USDA Award $30 Million To States For Exceptional Administrator Of Food Stamp Program
Agriculture Secretary Mike Johanns today announced that $30 million will be awarded to states demonstrating excellence in administering Food Stamp Program benefits in Fiscal Year (FY) 2006. Among those states, Nebraska and Vermont reported an exceptional 0.00 negative error rate, which indicates those two states served every eligible individual in the quality control sample who applied for benefits. The overall national payment accuracy rate for FY 2006 was 94.01 percent.

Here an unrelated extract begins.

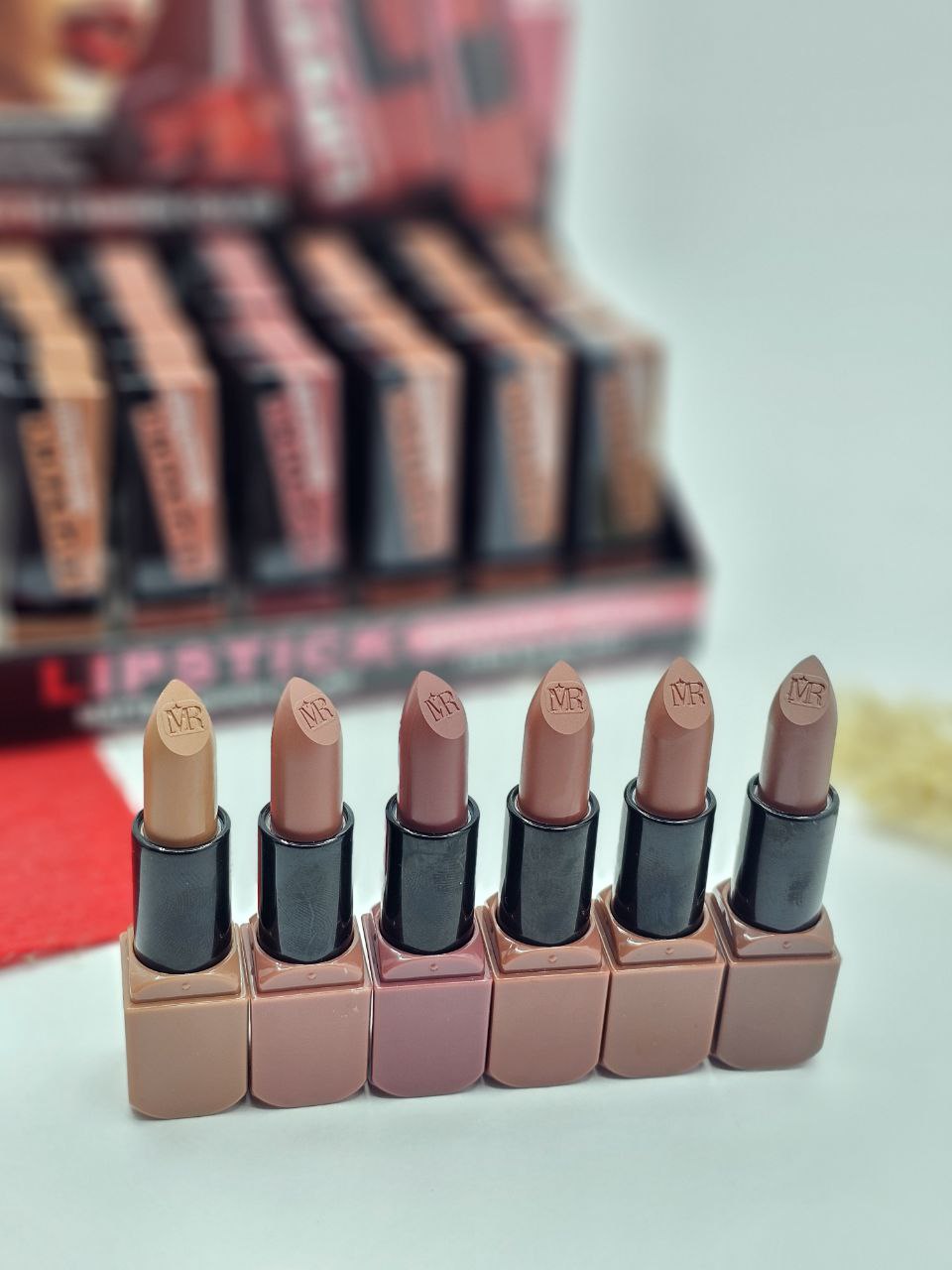 رژلب جامد مخملی رومان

“One of USDA’s top priorities is to increase access to and participation in the Food Stamp Program while maintaining program integrity and I commend all states that have ensured efficient, accurate and effective administration of this crucial program,” said Johanns. “In addition to increasing our nutrition assistance budget by 70 percent since 2001, our 2007 Farm Bill proposes to bring even more help to families in need.”
USDA’s 2007 Farm Bill proposes to improve access to food stamp benefits by excluding college education, retirement savings accounts and military combat pay when determining eligibility for benefits and eliminating the cap on dependent child care expenses. To improve nutrition for those who benefit from other nutrition programs,
USDA proposes to spend $2.75 billion over the next 10 years to purchase fruits and vegetables for commodity programs. USDA also proposes to spend an additional $500 million on fruits and vegetables specifically for USDA school meals programs.
As authorized by the 2002 Farm Bill, each year USDA awards $24 million among the seven states with the best payment accuracy rates and the three states with the most improved payment accuracy rates. The states with the best payment accuracy rates in FY 2006 were South Dakota, Missouri, Washington, Mississippi, North Carolina, Hawaii, and the Virgin Islands. The most improved states were Rhode Island, Idaho and New York.
An additional $6 million will be divided among the four states with the lowest negative error rates and the two states with the most improved negative error rates. The states with the lowest negative rate in FY 2006 were Vermont, Nebraska, Pennsylvania and South Dakota. The most improved were Vermont and Rhode Island. Because Vermont qualified as one of the top states with the lowest negative error rate as well as a most improved state, Minnesota, the fifth state with the lowest negative error rate also will receive an award.
The payment accuracy rate measures overpayments and underpayments to recipients.
The negative error rate measures improper denials or termination of benefits.
“I am pleased to report the national average of 5.99 percent remains well below our strategic target goal of 6.2 percent,” said Agriculture Under Secretary Nancy Johner. “To ensure increased program integrity, FNS will continue to support our state partners in their efforts to improve customer service and payment accuracy.”